There are three main types of mouth pieces. The cheap ones you get at any old sporting goods store, the expensive mouth pieces which get boiled so they fit better, and the mouth guards you get made up at a dentist.
You may think that a more expensive mouth piece is out of the question or just not worth the money. Well, each type of guard increases your protection and may even have performance enhancements not found in the cheaper guards.
The regular run of the mill mouth guards will mainly do one thing, keep your teeth from falling out. So if all you’re looking for is tooth protection save your money and go cheap. In the long run you’re limiting air flow. Also, your teeth will not be in optimal position to save that glass jaw of yours.
Next, we have the middle grade mouth guards that everyone usually buys. They cost $15-$150 and may come with some form of ventilation which will increase your air flow. These guards, like I stated before, are usually more of a custom fit. You boil them and then have them contoured to your mouth.
Some have kits that allow you to send impressions of your teeth to a company to have a special guard made up. This is better and may even save you from a few upper cuts or hooks to the jaw.
Lastly, and possibly the state of the art at the moment, is the ultra guards that are out there. These guards are usually $750 and up. You say crazy? Not really. What’s not getting knocked out worth to you? Or how about being able to throw full force punches well into the 12th round?
OK, so you’re not looking to go into the 12th round. Maybe you’re hoping your opponent is wearing a cheap mouth guard that only protects his teeth so you can knock him out. You still never know.

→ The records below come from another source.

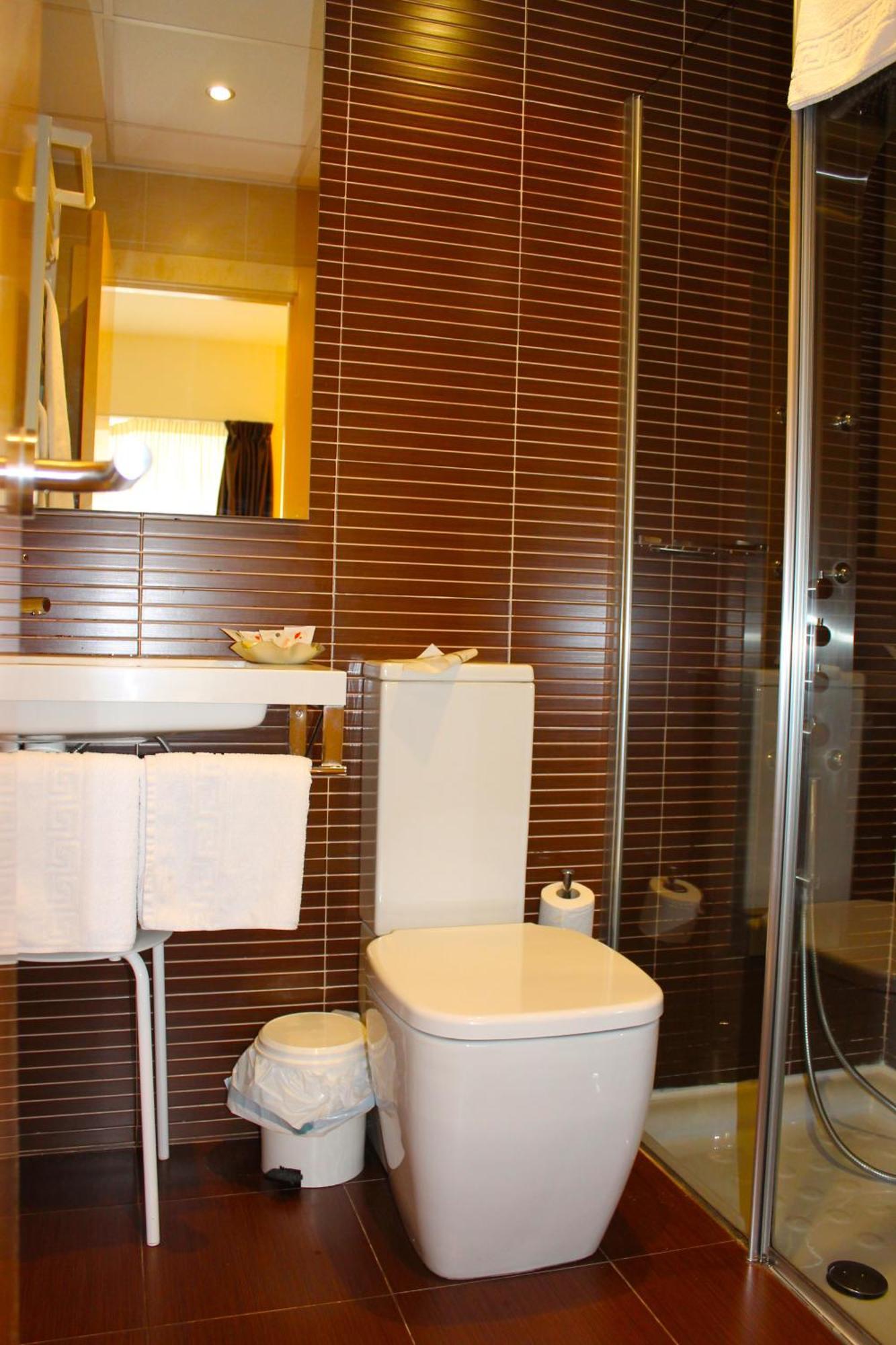 Budget Double or Twin Room,1207780504:JPEG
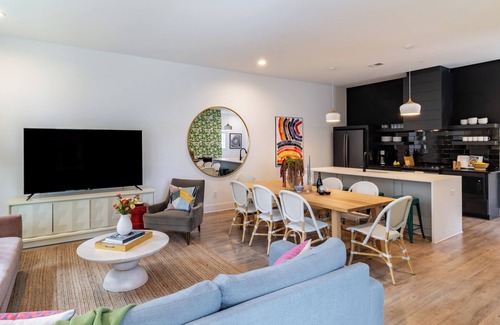 Germantown Casa | Sleeps 28! 2 Units, Newly Built | The Magnolia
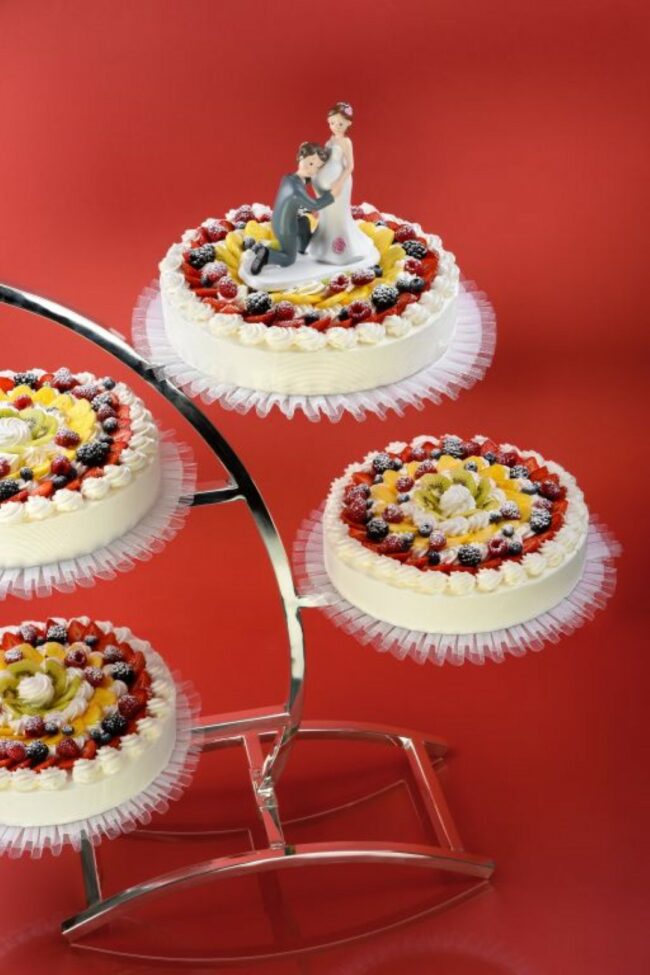 WEDDING COUPLE PREGNANT TOPPER 17CM - Image 2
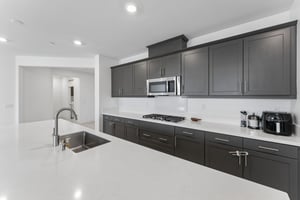 Crater Ave-S2609-013.jpg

These high end ultra mouth guards take a lot into consideration. We can start with your bite. The dentist will usually relax the jaw and neck muscles using electrical stimulus, massage, acupuncture, or chiropractic. This will allow for the best possible impression.
Just think, if your muscles are tight the impression will be off and you will have a guard made from an unbalance mouth. Clench your teeth, now feel the muscles on the side of your head and jaw. Do you feel the tightness? While it may be secure it is also very fragile and uneven.
The next important part in fitting the mouth guard is your jaw's natural alignment. A good guard should be fitted based on the center point of your bite. Using a computer an image is generated of your jaw as you move the jaw up and down, left to right, and in and out.
The most comfortable position allowing for the most relaxation of your facial muscles is what you need to look for. Everyone has a comfort zones with a space between your upper and lower jaw which keeps you confident.
Finally, and this is key, is the jaws final resting position. A normal bite has the lower jaw slightly behind the upper jaw. This is optimal for eating and speaking, but not for fighting. This jaw position, when clenched, has too much pressure on the disc of the jaw. That’s the part of the jaw with the nerves which control pain.